:: ASSIGNMENT ::
Find the line with "Foto fb9981f0-8c84-40b0-9150-b94410b89ed7. Duplex" in the data below. Repeat it and every line after it exactly, but not the pictures.
((
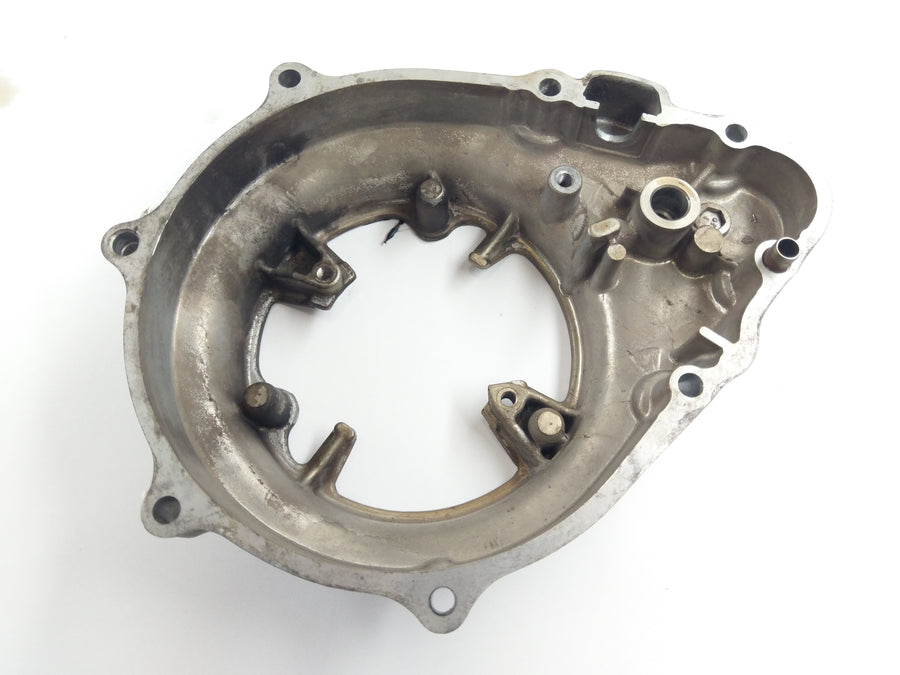 Honda CB 750 Boldor RC04 [1983] - Light Machinery Cover Motor Lid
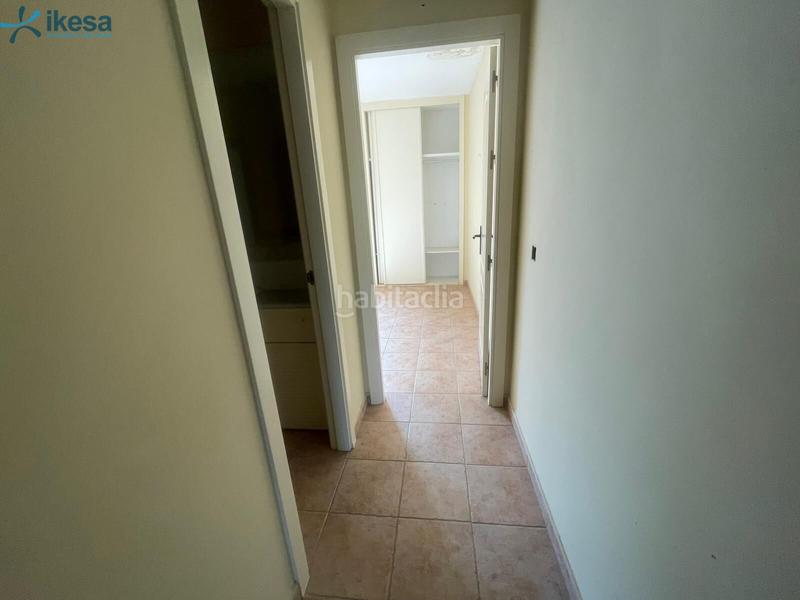 Foto fb9981f0-8c84-40b0-9150-b94410b89ed7. Duplex con parcheggio piscina in Islantilla golf Islantilla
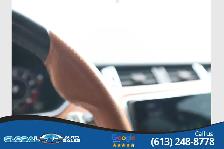 2019 Land Rover Range Rover Sport SVR - Photo 26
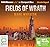 Fields of Wrath
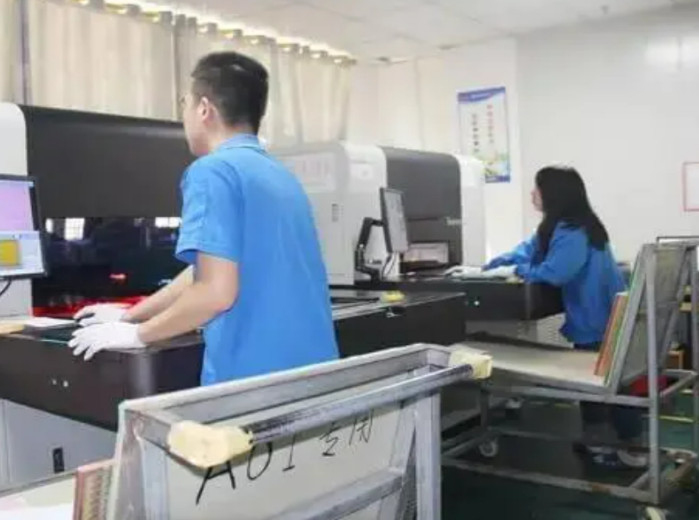 ��������Ʒ��ͼ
))
:: EXERCISE RESULT ::
 Foto fb9981f0-8c84-40b0-9150-b94410b89ed7. Duplex con parcheggio piscina in Islantilla golf Islantilla
 2019 Land Rover Range Rover Sport SVR - Photo 26
 Fields of Wrath
 ��������Ʒ��ͼ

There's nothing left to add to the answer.